Few people in Cambridge wouldn’t know of Eris. She spent four years volunteering at the Cambridge Museum in the 1980s before becoming its curator for a further 21 years. Throughout those decades and beyond, Eris established herself as the ‘go-to person’ for matters historical in the region, applying a dogged research style into bringing to light stories about the people with ties to Cambridge – military, commercial or otherwise.
Yet even with all her intuitive ‘nose’ for the hidden, it seems Eris didn’t know the award was coming.
“I did get the AGM agenda and noted their intention to award life membership to someone. It didn’t say who, and I must admit that I did wonder at first who it could be going to,” she laughed.
There are suggestions that earlier awards from elsewhere have been on offer, but Eris hasn’t wanted a bar of it. This one is different … it smacks of recognition by like-minded people, and she is both delighted and honoured.
“I am quite pleased to be up there with all those other fellows,” she said, adding with trademark self-deprecating humour that she read the small print carefully. “I wanted to make sure it was life membership, not a life sentence!”
Eris’s segway into matters historical happened almost by chance, with a slight nudge from her mum. Born and bred in Cambridge to parents that hailed from Whangarei and Wellington, Eris was keen to research her own genealogy and thought she’d drop into the Cambridge Museum to see how small-town museums did such things. The idea was to get a feel for it, then snoop further afield.

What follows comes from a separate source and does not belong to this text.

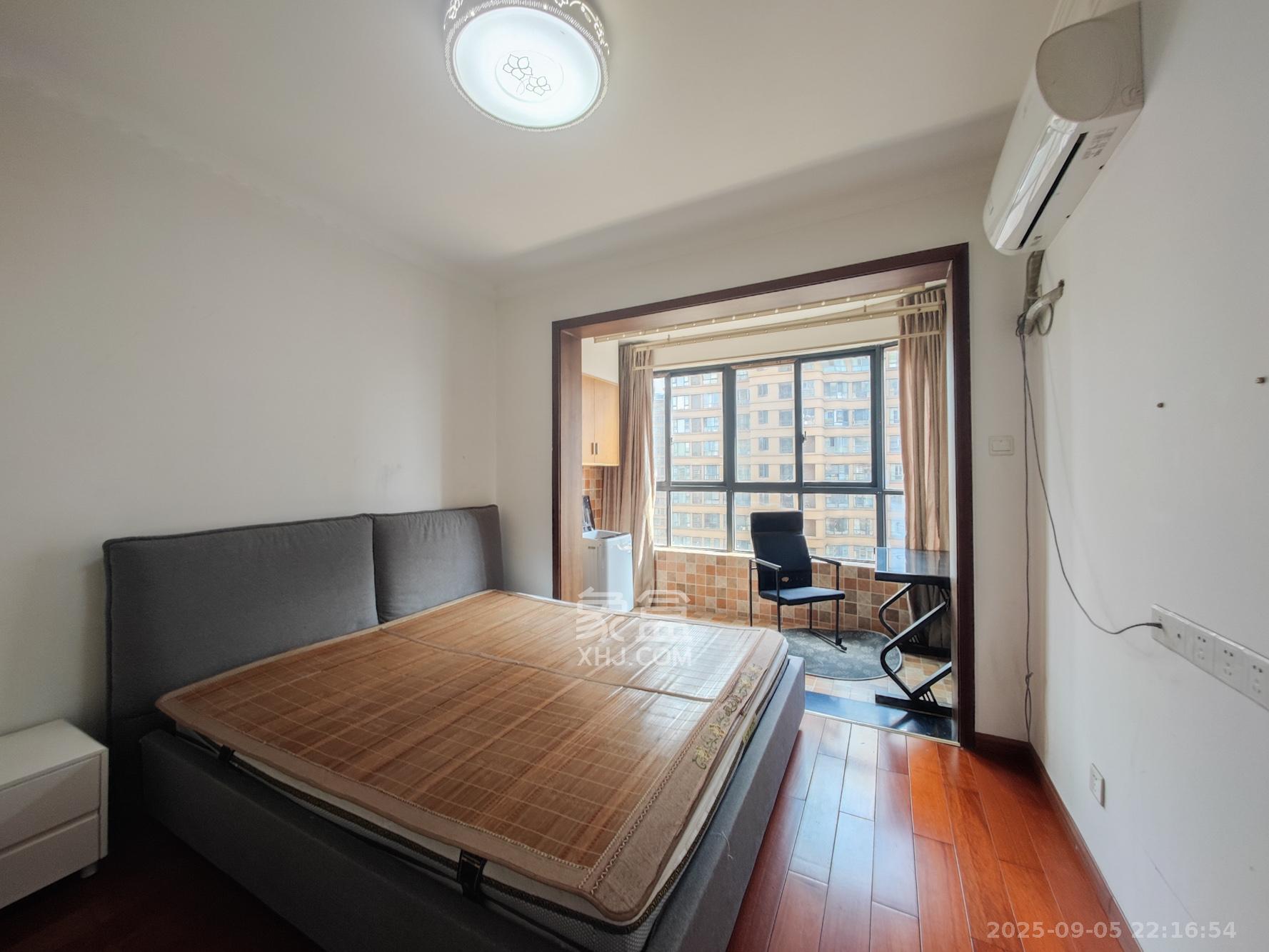 五矿万境水岸一期(万境水岸嘉苑) 3室2厅1卫 95.0万 五矿万境水岸一期(万境水岸嘉苑) 3室2厅1卫 95.0万卧室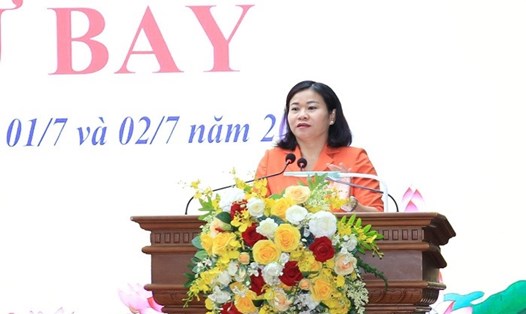 Phó Bí thư Thường trực Thành ủy Nguyễn Thị Tuyến phát biểu tại kỳ họp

The upshot was that she found herself ‘seduced and fascinated’ by the amount of material she needed to sift through, so much so that she offered to help with the indexing programme, and her years of volunteering at the museum began. In 1992, she went in full-time as the museum’s curator.
“We got our computer a year or so later … it was a good time to expand the collection beyond the Cambridge pioneers,” she said. Later, she also extended the museum’s opening hours.
In her down time, Eris researched and wrote somewhere between 30 and 40 books, brochures and other documents. Her first book focused on women’s suffrage, something she also made a video of later on. “I realised there were a lot of stories we were leaving out because women were largely ignored in the historical record.”
She also made 36 photo books with a focus on Cambridge people, and has done over 80 talks over the past 25 years to various local and regional groups and organisations. When she retired from the museum in 2013, then Waipa District Councillor Barbara Taranaki described Eris as “one of Cambridge’s real treasures”.
When presenting Eris with the Cambridge Historical Society life membership, Grant spoke of her having joined the Society almost 30 years earlier, later serving as a committee member, secretary and president.
“Eris can best be described as a history nut,” he said. “She thrives on research, her indexing and commitment to tracking down details on Cambridge people and topics is ‘legendary’. In fact, her output is so great that some believe she doesn’t sleep!”